__What is required__
Word for word, restate the lines of the data from the first through the one containing "Toyota RAV4 Luxe", and nothing else.

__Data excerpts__
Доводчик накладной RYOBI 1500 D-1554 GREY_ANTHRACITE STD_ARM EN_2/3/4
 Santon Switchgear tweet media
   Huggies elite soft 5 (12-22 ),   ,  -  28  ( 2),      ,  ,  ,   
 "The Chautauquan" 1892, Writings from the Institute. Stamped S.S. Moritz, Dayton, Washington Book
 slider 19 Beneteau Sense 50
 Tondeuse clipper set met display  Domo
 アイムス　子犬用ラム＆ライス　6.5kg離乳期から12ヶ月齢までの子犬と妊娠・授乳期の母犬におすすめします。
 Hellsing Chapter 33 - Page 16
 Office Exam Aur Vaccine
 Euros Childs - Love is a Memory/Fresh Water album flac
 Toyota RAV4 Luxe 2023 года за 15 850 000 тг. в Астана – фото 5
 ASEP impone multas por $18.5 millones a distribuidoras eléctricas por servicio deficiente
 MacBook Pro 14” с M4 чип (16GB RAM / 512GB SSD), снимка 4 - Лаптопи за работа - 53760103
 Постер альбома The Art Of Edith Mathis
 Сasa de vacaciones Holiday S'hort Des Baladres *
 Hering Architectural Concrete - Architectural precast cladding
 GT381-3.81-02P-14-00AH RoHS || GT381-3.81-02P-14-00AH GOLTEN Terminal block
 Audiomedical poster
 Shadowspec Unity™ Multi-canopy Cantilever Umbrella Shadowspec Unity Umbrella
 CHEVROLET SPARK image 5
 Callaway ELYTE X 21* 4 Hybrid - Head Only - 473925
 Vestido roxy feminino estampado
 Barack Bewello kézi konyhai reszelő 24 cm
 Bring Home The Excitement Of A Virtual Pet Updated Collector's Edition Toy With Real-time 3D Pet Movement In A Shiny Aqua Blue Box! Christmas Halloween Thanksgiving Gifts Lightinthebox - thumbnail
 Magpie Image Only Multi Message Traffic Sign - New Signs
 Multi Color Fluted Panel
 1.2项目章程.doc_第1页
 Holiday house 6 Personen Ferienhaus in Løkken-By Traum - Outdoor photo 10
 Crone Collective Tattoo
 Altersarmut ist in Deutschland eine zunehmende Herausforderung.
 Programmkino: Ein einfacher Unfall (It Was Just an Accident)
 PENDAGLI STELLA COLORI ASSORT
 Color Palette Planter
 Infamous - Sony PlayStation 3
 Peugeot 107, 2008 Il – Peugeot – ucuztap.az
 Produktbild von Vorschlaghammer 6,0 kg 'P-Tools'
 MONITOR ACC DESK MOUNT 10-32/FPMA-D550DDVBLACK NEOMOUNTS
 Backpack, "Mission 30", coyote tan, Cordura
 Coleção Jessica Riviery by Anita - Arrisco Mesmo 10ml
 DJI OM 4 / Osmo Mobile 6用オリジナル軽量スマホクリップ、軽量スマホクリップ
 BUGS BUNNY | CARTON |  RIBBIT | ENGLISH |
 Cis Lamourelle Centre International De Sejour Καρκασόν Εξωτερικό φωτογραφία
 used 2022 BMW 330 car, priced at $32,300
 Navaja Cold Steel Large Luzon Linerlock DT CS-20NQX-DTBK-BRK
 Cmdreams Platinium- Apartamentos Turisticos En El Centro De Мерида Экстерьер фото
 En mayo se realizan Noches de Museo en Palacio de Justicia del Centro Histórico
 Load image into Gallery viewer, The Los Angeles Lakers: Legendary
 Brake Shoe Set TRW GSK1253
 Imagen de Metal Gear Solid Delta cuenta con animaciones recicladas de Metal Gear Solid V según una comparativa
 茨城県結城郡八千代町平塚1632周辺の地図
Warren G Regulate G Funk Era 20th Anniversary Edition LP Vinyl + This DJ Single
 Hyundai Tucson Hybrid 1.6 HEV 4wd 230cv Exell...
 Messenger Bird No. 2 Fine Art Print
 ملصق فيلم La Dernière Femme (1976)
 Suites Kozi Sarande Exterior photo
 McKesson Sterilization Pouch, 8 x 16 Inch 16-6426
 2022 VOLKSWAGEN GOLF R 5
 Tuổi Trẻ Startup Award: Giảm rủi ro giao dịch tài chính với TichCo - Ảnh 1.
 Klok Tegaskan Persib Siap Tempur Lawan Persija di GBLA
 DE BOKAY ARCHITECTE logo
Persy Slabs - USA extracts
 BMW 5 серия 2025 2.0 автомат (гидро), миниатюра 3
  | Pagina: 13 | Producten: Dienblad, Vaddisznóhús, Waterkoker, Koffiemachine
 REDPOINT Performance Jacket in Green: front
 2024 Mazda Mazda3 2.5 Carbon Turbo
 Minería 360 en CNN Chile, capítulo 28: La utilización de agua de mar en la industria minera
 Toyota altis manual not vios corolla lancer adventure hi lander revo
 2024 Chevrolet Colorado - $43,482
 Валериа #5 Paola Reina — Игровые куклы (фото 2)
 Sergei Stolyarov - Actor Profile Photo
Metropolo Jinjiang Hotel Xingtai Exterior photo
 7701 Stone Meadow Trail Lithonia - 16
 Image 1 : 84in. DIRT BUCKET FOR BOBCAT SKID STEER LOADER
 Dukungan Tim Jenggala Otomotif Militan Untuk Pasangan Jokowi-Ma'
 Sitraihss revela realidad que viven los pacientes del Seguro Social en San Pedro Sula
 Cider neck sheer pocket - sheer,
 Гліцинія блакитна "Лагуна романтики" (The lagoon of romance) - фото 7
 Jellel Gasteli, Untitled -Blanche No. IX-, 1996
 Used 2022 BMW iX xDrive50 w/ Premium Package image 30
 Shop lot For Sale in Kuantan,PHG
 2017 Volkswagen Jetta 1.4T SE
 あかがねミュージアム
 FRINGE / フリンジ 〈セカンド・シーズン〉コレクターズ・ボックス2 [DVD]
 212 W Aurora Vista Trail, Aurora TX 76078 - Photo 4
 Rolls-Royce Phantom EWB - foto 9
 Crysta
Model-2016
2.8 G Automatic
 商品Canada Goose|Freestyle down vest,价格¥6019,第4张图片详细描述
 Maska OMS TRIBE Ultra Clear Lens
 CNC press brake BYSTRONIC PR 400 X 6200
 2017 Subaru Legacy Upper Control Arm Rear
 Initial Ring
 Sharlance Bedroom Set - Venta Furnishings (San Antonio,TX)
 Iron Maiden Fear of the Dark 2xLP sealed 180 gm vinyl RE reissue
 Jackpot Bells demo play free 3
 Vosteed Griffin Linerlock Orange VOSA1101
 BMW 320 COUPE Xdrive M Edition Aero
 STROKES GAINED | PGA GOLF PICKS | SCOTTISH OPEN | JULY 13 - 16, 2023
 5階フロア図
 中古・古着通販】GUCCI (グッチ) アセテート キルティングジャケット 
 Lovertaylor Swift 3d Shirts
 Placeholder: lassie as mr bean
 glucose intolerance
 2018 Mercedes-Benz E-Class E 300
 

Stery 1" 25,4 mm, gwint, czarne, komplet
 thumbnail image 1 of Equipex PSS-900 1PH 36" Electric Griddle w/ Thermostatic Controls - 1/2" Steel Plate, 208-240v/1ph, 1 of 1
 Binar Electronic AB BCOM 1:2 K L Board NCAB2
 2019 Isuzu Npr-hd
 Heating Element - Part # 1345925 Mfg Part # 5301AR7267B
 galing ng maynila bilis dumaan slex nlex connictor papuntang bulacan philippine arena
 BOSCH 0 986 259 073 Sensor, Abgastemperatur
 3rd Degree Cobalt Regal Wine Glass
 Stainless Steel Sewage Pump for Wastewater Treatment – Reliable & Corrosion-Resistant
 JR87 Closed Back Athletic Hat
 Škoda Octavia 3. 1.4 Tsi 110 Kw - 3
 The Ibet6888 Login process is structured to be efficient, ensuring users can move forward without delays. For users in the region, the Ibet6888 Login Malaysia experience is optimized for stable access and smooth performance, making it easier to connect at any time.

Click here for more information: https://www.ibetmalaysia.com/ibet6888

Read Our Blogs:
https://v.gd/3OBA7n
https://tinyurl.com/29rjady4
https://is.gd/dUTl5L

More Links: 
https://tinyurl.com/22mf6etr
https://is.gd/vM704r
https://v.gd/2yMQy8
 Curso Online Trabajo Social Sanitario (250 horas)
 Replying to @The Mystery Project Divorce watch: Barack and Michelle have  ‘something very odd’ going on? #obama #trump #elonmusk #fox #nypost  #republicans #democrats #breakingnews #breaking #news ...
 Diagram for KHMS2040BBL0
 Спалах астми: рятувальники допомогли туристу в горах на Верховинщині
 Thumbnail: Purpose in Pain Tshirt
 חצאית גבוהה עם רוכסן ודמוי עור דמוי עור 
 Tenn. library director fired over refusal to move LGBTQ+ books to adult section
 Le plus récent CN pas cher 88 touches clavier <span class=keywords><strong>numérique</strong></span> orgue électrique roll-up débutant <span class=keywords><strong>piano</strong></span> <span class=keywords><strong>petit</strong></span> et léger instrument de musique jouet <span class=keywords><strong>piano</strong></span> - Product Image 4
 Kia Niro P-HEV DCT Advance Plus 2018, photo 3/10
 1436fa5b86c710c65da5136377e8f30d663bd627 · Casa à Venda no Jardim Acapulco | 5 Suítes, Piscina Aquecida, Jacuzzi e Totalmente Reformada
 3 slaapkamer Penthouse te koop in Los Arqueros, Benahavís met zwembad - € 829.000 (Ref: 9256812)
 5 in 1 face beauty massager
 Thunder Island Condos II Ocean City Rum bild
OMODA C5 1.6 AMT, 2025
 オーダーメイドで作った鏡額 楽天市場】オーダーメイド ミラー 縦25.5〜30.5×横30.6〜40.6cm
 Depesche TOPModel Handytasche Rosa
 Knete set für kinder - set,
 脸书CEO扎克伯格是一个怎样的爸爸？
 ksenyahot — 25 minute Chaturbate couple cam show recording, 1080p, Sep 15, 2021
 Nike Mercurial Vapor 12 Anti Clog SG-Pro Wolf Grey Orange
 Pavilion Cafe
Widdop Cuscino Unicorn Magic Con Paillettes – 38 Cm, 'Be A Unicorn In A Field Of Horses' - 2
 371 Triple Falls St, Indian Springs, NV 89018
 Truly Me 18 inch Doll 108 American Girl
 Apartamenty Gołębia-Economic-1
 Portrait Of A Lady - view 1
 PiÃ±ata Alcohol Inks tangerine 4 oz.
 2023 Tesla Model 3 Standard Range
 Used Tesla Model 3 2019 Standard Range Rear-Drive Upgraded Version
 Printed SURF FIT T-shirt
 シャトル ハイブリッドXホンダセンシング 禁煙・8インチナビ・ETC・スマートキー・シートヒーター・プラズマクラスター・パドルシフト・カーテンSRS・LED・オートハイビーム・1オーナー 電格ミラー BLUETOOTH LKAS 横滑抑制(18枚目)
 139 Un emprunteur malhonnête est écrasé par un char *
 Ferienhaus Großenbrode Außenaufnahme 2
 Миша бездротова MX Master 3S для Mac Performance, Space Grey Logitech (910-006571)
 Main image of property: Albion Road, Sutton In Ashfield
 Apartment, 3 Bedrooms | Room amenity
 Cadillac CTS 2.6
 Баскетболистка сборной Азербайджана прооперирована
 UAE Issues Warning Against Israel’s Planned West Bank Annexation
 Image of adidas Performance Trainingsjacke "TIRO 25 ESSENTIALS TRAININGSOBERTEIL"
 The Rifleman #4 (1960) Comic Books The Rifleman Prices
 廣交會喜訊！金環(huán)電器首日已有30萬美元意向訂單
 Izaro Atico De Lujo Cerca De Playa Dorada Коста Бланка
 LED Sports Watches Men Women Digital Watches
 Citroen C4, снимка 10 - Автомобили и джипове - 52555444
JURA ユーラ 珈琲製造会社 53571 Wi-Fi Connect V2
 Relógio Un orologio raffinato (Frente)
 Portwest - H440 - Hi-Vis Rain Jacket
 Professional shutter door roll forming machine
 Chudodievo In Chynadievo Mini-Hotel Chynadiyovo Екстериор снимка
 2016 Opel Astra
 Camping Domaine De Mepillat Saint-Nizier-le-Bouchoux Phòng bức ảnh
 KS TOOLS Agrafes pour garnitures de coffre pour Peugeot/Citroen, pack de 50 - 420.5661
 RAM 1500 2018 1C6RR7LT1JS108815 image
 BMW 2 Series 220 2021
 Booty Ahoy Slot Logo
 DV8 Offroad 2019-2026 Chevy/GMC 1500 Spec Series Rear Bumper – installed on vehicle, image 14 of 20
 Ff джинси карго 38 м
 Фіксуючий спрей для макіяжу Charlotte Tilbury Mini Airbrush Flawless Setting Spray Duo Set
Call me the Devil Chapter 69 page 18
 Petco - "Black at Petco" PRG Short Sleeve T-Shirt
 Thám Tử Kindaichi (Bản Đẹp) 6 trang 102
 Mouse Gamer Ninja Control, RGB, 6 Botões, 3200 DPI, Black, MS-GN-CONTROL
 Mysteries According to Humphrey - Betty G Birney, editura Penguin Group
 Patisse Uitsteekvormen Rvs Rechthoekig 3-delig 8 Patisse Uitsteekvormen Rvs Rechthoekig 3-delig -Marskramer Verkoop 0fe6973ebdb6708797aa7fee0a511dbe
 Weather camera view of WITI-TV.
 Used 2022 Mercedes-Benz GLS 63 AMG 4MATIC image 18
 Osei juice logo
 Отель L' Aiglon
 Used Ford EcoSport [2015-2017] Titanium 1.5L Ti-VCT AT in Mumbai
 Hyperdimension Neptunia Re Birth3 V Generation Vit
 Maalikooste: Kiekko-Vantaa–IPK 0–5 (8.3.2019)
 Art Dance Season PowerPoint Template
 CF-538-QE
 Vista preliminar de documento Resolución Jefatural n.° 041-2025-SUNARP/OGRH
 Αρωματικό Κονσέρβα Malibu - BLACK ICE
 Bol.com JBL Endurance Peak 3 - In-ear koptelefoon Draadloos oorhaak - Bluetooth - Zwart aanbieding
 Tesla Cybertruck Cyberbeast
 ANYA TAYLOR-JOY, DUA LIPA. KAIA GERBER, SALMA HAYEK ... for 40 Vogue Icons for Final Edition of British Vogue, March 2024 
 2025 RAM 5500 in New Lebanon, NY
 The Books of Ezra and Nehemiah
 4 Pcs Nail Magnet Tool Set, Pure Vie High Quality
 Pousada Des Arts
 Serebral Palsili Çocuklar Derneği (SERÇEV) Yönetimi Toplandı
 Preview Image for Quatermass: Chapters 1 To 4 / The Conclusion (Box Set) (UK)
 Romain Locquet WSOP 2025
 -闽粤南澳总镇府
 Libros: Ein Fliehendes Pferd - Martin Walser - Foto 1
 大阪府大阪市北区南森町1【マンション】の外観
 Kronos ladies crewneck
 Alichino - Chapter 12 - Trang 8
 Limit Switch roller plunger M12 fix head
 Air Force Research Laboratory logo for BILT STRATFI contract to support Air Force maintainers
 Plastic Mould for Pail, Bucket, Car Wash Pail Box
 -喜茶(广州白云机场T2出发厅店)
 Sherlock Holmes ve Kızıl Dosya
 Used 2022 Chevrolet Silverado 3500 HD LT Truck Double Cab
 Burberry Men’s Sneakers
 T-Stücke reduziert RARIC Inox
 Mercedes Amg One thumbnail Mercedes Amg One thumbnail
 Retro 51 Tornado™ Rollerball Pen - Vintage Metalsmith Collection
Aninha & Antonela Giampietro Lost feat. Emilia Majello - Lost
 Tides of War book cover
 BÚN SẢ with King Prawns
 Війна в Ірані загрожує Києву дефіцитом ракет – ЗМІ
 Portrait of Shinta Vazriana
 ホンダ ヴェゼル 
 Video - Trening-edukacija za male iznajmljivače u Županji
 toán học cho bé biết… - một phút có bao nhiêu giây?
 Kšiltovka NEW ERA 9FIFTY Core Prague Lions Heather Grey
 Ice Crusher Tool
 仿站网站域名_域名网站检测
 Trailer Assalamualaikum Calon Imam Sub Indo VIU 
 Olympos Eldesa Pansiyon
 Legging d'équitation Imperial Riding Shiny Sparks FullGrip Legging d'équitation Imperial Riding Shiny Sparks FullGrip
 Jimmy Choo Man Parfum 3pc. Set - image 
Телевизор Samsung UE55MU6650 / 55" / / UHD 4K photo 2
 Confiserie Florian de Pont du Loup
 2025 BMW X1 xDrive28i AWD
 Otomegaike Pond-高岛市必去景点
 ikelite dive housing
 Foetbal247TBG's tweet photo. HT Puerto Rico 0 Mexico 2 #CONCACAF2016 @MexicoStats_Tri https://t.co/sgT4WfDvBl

__Exercise solution__
Доводчик накладной RYOBI 1500 D-1554 GREY_ANTHRACITE STD_ARM EN_2/3/4
 Santon Switchgear tweet media
   Huggies elite soft 5 (12-22 ),   ,  -  28  ( 2),      ,  ,  ,   
 "The Chautauquan" 1892, Writings from the Institute. Stamped S.S. Moritz, Dayton, Washington Book
 slider 19 Beneteau Sense 50
 Tondeuse clipper set met display  Domo
 アイムス　子犬用ラム＆ライス　6.5kg離乳期から12ヶ月齢までの子犬と妊娠・授乳期の母犬におすすめします。
 Hellsing Chapter 33 - Page 16
 Office Exam Aur Vaccine
 Euros Childs - Love is a Memory/Fresh Water album flac
 Toyota RAV4 Luxe 2023 года за 15 850 000 тг. в Астана – фото 5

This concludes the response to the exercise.